Very few flowers are blooming now in the woods, but the mushrooms sure were sprouting up like, well, like mushrooms. What really caught my eye today were these crowded clumps of golden mushrooms, lots and lots of them all over the place.
Hmm . . . . These sure look familiar, with those scaly brownish stems below thick rings. There were older clumps where the caps had spread out and deposited white spores on other caps clustered beneath them, another clue that these might be the very tasty Honey Mushrooms (Armillaria mellea). I was tempted to pick a mess to bring home for further examination (and consumption), but I remembered reading a sign at the entrance to this preserve forbidding any collection. So I restrained myself, although I did uproot this little clump to take a closer look at the undersides. I couldn't be sure of my identification, since the Honey Mushroom I've known in the past was bigger and browner (because it was older), so I wouldn't have eaten these even if I'd been free to collect them. One must always be absolutely sure. I was almost sure, but not absolutely.
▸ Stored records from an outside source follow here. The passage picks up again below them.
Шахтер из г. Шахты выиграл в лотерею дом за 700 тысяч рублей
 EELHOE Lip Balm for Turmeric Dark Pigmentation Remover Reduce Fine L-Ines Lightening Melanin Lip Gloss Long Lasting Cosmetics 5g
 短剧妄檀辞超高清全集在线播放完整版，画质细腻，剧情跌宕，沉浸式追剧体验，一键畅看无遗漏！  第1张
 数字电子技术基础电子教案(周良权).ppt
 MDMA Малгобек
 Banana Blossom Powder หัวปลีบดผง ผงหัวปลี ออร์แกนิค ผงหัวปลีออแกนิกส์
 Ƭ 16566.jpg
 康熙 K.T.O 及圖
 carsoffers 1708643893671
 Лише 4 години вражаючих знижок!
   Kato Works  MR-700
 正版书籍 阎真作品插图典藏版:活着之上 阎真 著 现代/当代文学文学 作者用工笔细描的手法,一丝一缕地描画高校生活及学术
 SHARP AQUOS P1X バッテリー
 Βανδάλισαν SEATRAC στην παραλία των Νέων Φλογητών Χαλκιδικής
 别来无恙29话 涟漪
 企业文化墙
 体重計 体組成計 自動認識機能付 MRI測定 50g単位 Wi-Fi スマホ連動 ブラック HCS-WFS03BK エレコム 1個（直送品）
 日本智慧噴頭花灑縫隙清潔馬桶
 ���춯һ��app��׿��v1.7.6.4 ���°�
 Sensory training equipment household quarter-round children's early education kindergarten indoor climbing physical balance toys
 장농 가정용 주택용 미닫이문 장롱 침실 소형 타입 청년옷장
Here's another mushroom that caught my eye, not because it was so beautiful, but because of the way it had pushed up the moss as it sprouted and spread its cap. That moss was actually rooted in the mushroom's flesh.
This toothed fungus was spread out like a crust on a dead brach. It's possibly an Ochre Spreading Tooth (Steccherinum ochraceum), the closest match I could find in my mushroom books.
These beautiful asters were growing beside the highway where I'd parked my car, and I marveled at the large showy flowers, almost as vividly colored as New England Aster, but more toward the blue than purple.
Here's a closer look at that aster's leaves, very smooth and shiny and clasping the stem. Asters are notoriously hard to differentiate, but if I had to put money on it, I'd say that this was Smooth Aster (Symphyotrichum laeve). I'd also say that it was a beauty.